*** Begin section ***

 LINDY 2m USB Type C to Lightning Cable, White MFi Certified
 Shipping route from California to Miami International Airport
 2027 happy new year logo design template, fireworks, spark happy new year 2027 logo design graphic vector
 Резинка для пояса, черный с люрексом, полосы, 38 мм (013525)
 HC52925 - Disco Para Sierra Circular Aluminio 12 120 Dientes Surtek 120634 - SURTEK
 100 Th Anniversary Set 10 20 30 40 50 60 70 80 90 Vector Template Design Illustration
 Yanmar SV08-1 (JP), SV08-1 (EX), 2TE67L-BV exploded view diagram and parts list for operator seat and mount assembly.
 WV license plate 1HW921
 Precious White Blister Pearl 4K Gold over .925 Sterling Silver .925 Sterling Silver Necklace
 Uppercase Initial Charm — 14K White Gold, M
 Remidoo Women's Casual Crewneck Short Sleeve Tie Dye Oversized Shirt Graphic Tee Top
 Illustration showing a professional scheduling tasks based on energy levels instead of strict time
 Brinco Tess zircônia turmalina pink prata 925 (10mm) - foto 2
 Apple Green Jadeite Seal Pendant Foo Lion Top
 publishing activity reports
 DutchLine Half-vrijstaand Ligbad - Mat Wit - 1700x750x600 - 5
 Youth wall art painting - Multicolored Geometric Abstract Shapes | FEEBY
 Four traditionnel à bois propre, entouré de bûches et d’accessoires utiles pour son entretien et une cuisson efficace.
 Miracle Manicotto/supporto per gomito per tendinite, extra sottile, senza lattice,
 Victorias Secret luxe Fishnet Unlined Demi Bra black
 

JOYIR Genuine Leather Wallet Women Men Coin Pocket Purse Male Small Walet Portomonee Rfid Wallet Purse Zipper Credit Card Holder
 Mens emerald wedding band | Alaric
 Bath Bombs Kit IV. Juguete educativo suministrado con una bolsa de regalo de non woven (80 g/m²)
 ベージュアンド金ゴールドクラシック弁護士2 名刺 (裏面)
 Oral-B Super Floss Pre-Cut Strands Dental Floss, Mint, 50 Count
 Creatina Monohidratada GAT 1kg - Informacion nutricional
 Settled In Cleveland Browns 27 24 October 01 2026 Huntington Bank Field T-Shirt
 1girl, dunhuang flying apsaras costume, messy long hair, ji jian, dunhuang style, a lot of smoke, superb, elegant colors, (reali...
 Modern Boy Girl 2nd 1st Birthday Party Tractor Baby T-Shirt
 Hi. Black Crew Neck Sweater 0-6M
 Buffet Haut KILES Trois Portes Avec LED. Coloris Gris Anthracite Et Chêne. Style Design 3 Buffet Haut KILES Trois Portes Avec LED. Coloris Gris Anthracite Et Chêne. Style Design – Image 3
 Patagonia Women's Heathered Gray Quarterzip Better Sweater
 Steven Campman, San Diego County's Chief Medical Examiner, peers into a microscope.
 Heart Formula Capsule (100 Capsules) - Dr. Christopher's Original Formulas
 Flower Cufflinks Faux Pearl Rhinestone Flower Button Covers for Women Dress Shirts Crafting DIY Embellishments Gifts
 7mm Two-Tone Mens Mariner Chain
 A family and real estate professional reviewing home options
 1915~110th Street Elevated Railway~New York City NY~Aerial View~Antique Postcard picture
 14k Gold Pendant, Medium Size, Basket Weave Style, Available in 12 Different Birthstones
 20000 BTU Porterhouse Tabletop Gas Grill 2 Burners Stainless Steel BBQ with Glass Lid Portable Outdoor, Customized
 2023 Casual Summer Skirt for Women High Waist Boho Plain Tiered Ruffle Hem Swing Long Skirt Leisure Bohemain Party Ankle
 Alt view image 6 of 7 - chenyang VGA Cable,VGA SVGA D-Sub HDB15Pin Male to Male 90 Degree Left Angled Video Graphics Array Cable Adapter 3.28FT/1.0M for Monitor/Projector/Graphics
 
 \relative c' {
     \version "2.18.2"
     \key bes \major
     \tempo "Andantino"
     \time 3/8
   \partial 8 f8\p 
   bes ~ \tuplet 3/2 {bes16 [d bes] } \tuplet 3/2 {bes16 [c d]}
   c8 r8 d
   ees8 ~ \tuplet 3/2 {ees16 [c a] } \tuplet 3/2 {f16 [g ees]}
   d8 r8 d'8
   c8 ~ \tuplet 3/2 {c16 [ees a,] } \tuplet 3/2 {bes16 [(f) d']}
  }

*** End section ***

§ **TASK PROMPT**:
Only lines holding "Pearl" are wanted; copy all of them from the listing.

§ **ANSWER SECTION**:
 Precious White Blister Pearl 4K Gold over .925 Sterling Silver .925 Sterling Silver Necklace
 Flower Cufflinks Faux Pearl Rhinestone Flower Button Covers for Women Dress Shirts Crafting DIY Embellishments Gifts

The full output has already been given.